Why Tokyo’s real estate prices did not crash post-Olympics

Over the past few years, more than a few people told us that property prices in Tokyo were artificially inflated by the coming Olympics and that they were going to wait until the games were over to ‘pick up a bargain’. Since the announcement of the Olympics, there were frequent opinion pieces that predicted property prices would crash immediately after the Olympics.

The delayed Olympics came and went with little fanfare, and a few protests, in the capital due to rising coronavirus cases and a state of emergency. Since the end of the games, residential prices continued to rise, buyers continued to buy, and inventory continued to shrink. The average sale price of a second-hand apartment in the Tokyo metropolitan area increased by the 23rd month in a row in March 2022, with prices up 11.3% from 2021. In central Tokyo’s 3 wards of Chiyoda, Chuo and Minato, the average reported sale price hit the highest level on record.

There are several reasons why Tokyo’s residential real estate market has been performing so strongly and none of them are related to the Olympics. Many of these are the same forces that drive residential real estate markets in the majority of free markets. 

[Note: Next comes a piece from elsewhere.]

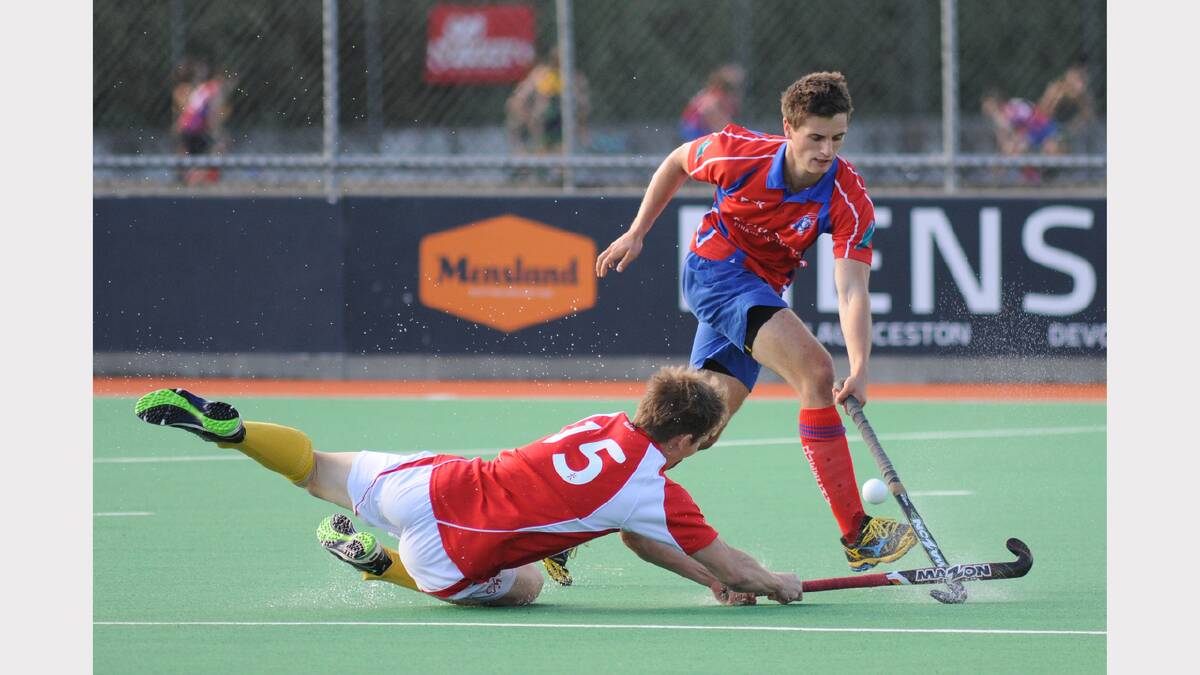 Queechy Penguin's Tom Moir crosses swords (or hockey sticks) with Burnie City Marians' Liam Grundy. Picture: Mark Jesser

[1] Domestic buyers don’t buy residential real estate because of a sporting event. First home buyers, families moving for work or school, those upsizing or downsizing, and investors, are buying due to a personal need that has nothing to do with the Olympics.

[2] Record low interest rates. Home loans currently have variable rates of around 0.5% and fixed rates of around 1%. 

[3] Rising stock market. The wealthier have seen their net worth increase, giving them more to spend on real estate.

[4] Double-income households have been on the rise giving families more buying power.

[5] High construction costs. The cost of labor and materials helps determine the pricing of new housing. If new housing is high, it also pulls up the price of older, existing housing as buyers priced out of new construction turn their focus to second-hand homes.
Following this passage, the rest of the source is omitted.